After what felt like hours of resistance, and hours of silent prayers in my head, Ryouzan moved. He kicked me straight in the face, eliciting a spurt of blood from my nose. He then incited me to stab her again, but I refused by not making any motion.
He kicked harder. He requested once more. I refused.
He punched me. He requested once more. I refused.
He stabbed me in the chest. He requested once more. I refused.
At that point, I thought it was likely that these would be my final moments. So, pressing my hands together weakly, I silently thanked my mother and father for giving me a good life.
However, as all hope seemed lost, there was the roaring sound of the Imperial Guard as they engaged in conflict with the Shifters. As Ryouzan left to command his troops, he sent two strong Shifters to monitor me. Laying weakly on the ground, I made the most of my pitiful situation by observing their misshapen forms.
They were both in the shape of unnaturally bent, ethereal women with long, flowery white dresses. Despite the idea that their outfits could be beautiful, they scared me to my core.
Despite how strong they must’ve been, they were not strong enough for the ruthless Commander Miyagawa of the Imperial Guard.
The Commander struck into them with a heavy hammer. Striking to distract, not to kill, he bought time to throw me over his shoulders as we escaped.
As we snuck away, all I could do was shiver as pathetic tears rolled down my eyes. Although the Commander was heroically saving me, I was cowardly leaving my mother to die.
That was why, 10 years later, I stood facing his daughter Naomi as she pulled me out of my bed with a soft but ferocious hand.
“Katsuro, I don’t know what you’re thinking about, but we have to go - Today’s a big day, you know?”
I knew what she was talking about - How could I not? It was why I was suffocated by memories of that day.
Gazing back at Naomi, I thought to myself that I should be really grateful for her. Her short red hair complemented her hazel eyes, and her energetic expression was exactly what I needed to gather my thoughts.
There was no hesitation.
“I know, I know…” I murmured in respond, feigning as if I was merely tired.

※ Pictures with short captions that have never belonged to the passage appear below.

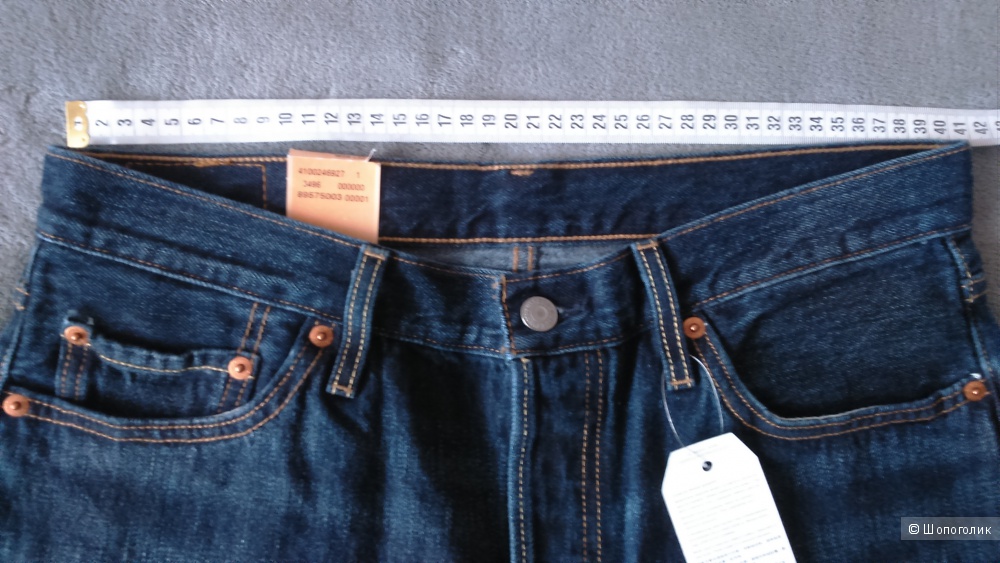 Levis 501 CT 28 32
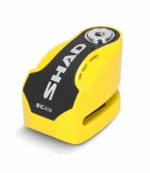 Traba Disco con Alarma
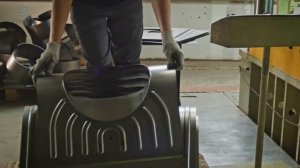 Так создаются снегоуборщики. Завод по производству сн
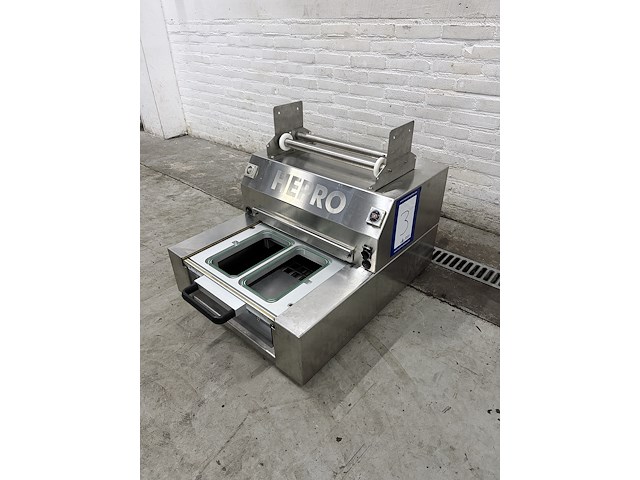 Hepro gmbh - afbeelding 1 van  8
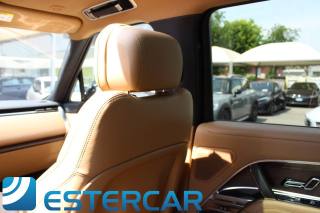 LAND ROVER Range Rover usata, con Sensori di parcheggio anteriori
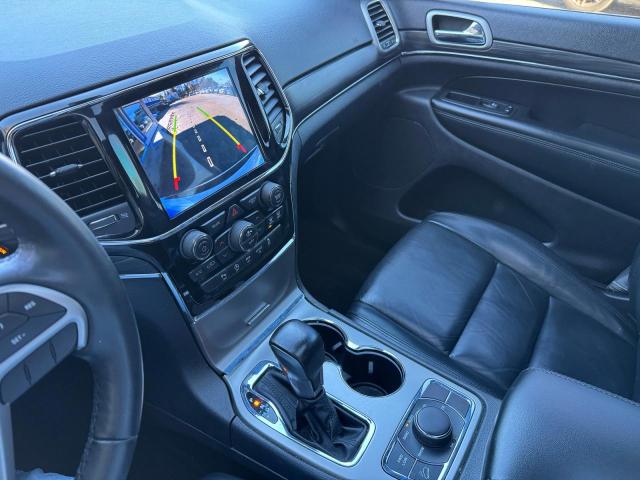 2019 JEEP GRAND CHER - 1C4RJFBGXKC577010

She saw right through it, though - “Yeah, sure, whatever. The main thing is you get dressed, how the hell are you going to prepare for the biggest day of your life in that sorry state!” She chastised, and I merely nodded in response, gesturing with my hand to flick her out so I could get changed.
Sighing with a small roll of her eyes, Naomi uttered, “How rude..” before disappearing out of my bedroom, likely to get ready herself.
She was right, this was the biggest day of our lives.
See, me and Naomi had our own motivations, but the end goal was the same. We would do whatever it takes to save humanity and end this horrible, all-consuming war.
I would stop at nothing to do it. And the first step of my plan?
Enrolment at Celestial Military Academy.